Silk Road

As long as a thousand years ago, the main commercial activity between Asia and Europe took place along a tortuous route from Persia and the Black Sea in the west to China in the east, traversing central Asian deserts and the high Himalayan plateaus of Tibet. The primary currency of that trade was silk, and thus the term "silk road" refers to the paths traveled in the pursuit of commerce in silk.

The Silk Road consists of a network of both land and sea routes. Its flourishment brought not only the prized "silk" from China to the West but also established the trade of many other goods. Eastbound caravans brought gold, precious metals and stones, ivory, coral, spices, tea, paper, textiles, and chinaware, while westbound caravans transported furs, ceramics, incense, cinnamon bark and rhubarb as well as bronze weapons. Simulateneously, the silk road also served as a means through which various religious beliefs found their ways to unchartered territories.
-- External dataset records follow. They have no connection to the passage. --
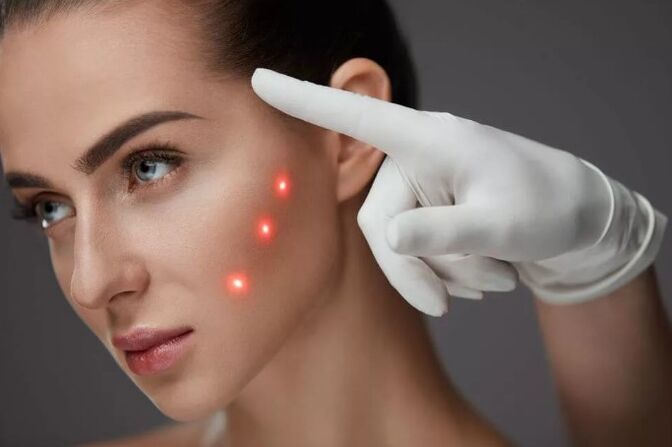 Rejuvenescimento a laser da pele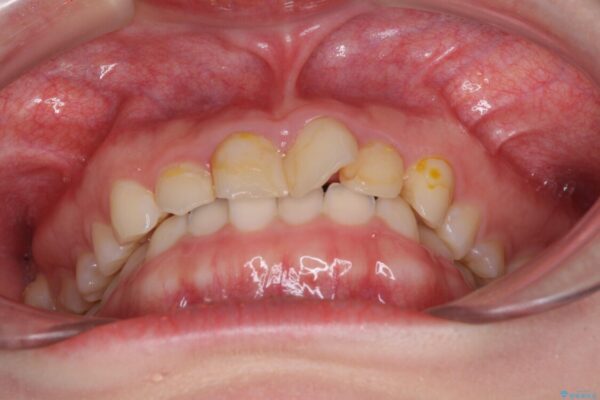 気になる前歯を美しく　マウスピース矯正とセラミッククラウン 治療前画像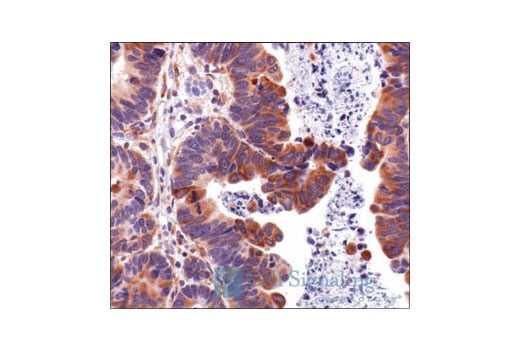 Immunohistochemistry Image 4: Phospho-S6 Ribosomal Protein (Ser235/236) Antibody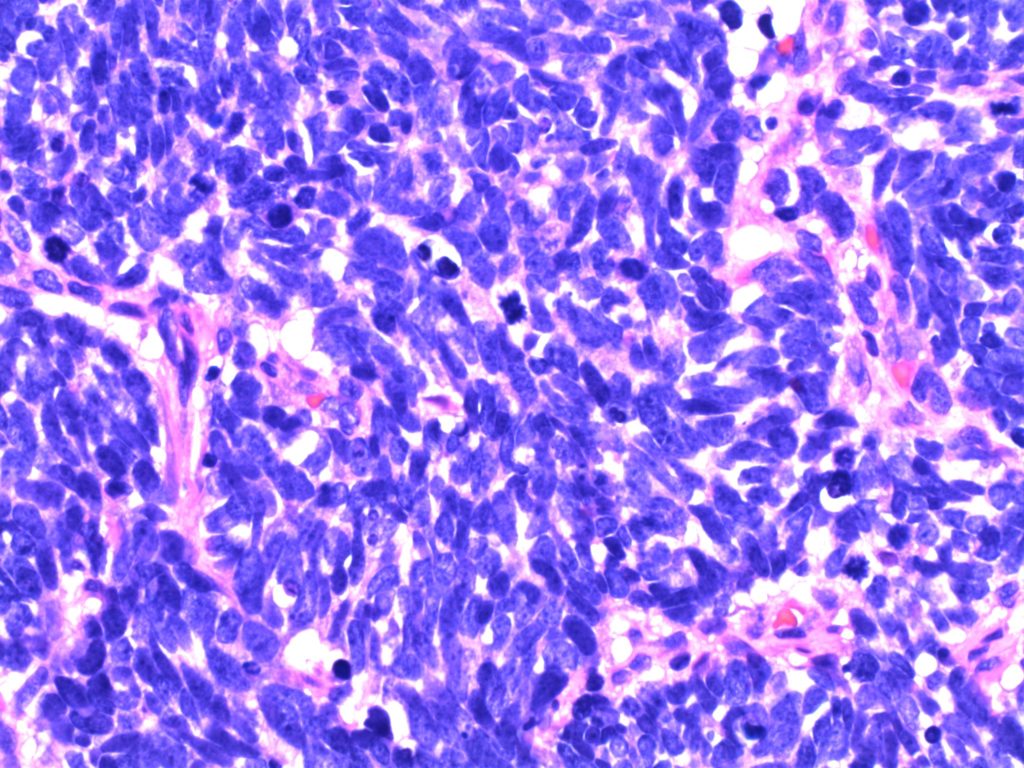 Bladder - Small Cell Carcinoma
The Great Silk Road was a significant achievement in the history of world civilization. It enabled the fruitful interaction of peoples resulting in the exchange of culture, religion, technology, and skill.

On the way of the caravans there were rich settlements and towns-Merv and Bukhara, Samarkand and Urgench, Otrar and Chimkent, Taraz and Balasagun, Sauran and Talgar. The question when this highway began to function still has different answers. Considering separate sections of the Silk Route, the beginning of thecontact and exchanges goes back to the third-second millenia B.C. These relations were established due to exploitation of lazurite in the Badakhshan Mountains and nephrite-upstream the river Yarkend-Darya in the Khotan area.

It was but in the middle of the second century B.C. that Silk Route began to function as a regular diplomatic and commercial artery. This started in 138 B.C., when Prince Zhang-Jian, sent on his journey by the Emperor Wu-di, set out from the capital of Han to the unknown western countries, escorted by embassy caravan. Zhang-Jian returned only 13 years later. He managed to reach the regions of today's Afghanistan and pioneered a direct way from the interior regions of China to those of Central Asia. Following this way, caravans, carrying silk, set out westwards; they returned with goods from Miditerranean countries, Near and Middle East and Central Asia.